Fortunately, there is an easier way thanks to Kotlin’s coroutines which allow to build a lazy sequence using only a single block of synchronous code and the yield() suspending function.

class LazyParser(moshi: Moshi) {
    private val personAdapter: JsonAdapter<Person> = moshi.adapter(Person::class.java)

    fun parse(reader: JsonReader): Sequence<Person> {
        return sequence {
            reader.readArray {
                yield(personAdapter.fromJson(reader)!!)
            }
        }
    }
}

The code is very simple. It’s similar to building a list in one go, except that the calls to add an item to the list are replaced with yield(item). The parser will effectively stop at that point, preserving its state, then resume later when the next item of the Sequence is requested by the caller. That’s all the code needed to create a fully lazy JSON parser in Kotlin.

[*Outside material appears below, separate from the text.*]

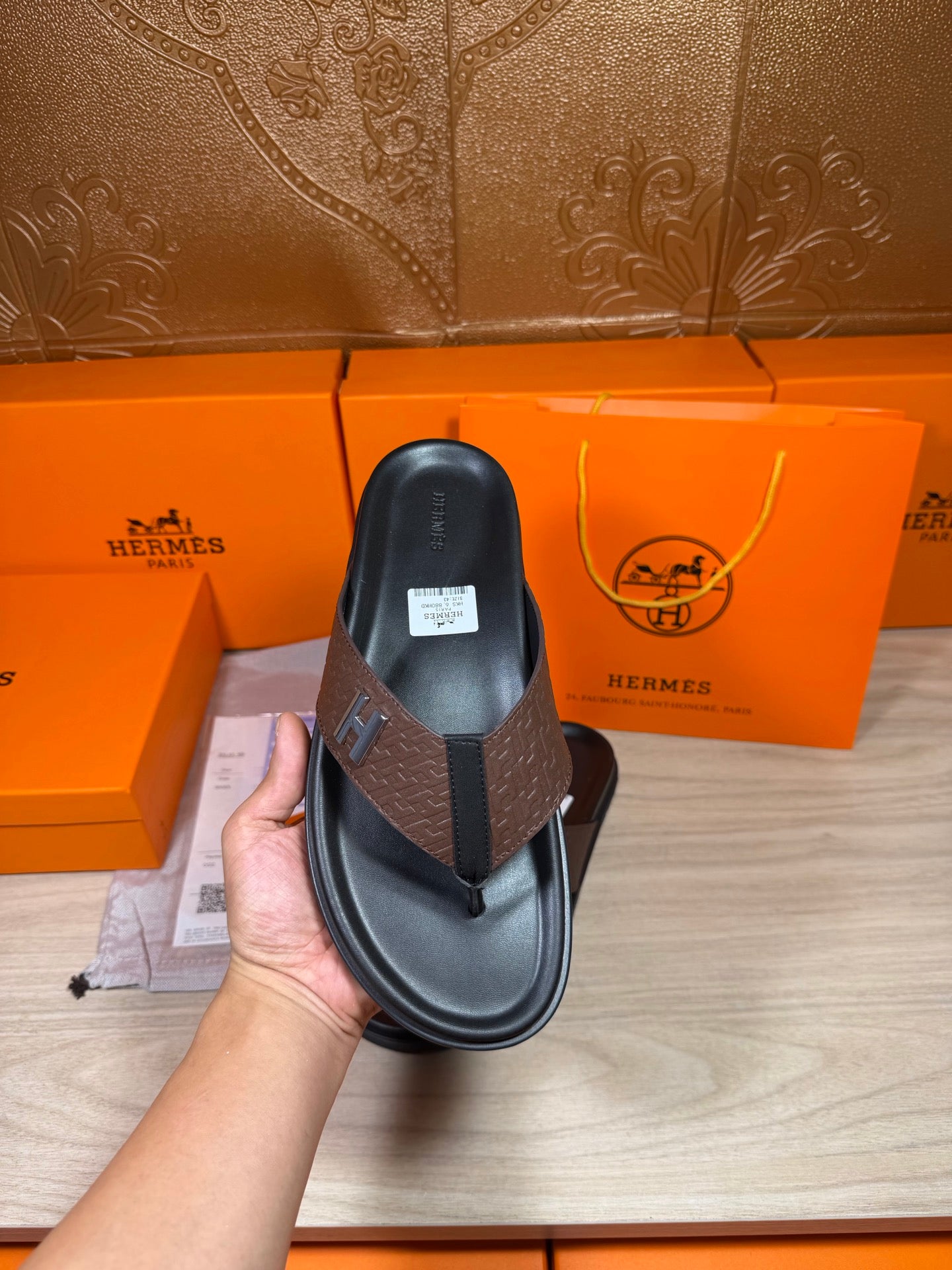 Single brown-and-black H-logo thong sandal held up, showing footbed and strap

It’s then possible filter out items, iterate over them or do anything else lazily outside of the parser:

val sequence = LazyParser(moshi).parse(reader)
val filteredList = sequence.filter { it.age >= 18 }.toList()

I hope this article was able to inspire you to make your JSON parsers cleaner, faster and fun. Feel free to share it and also ask questions or provide more examples in the comments. Happy coding!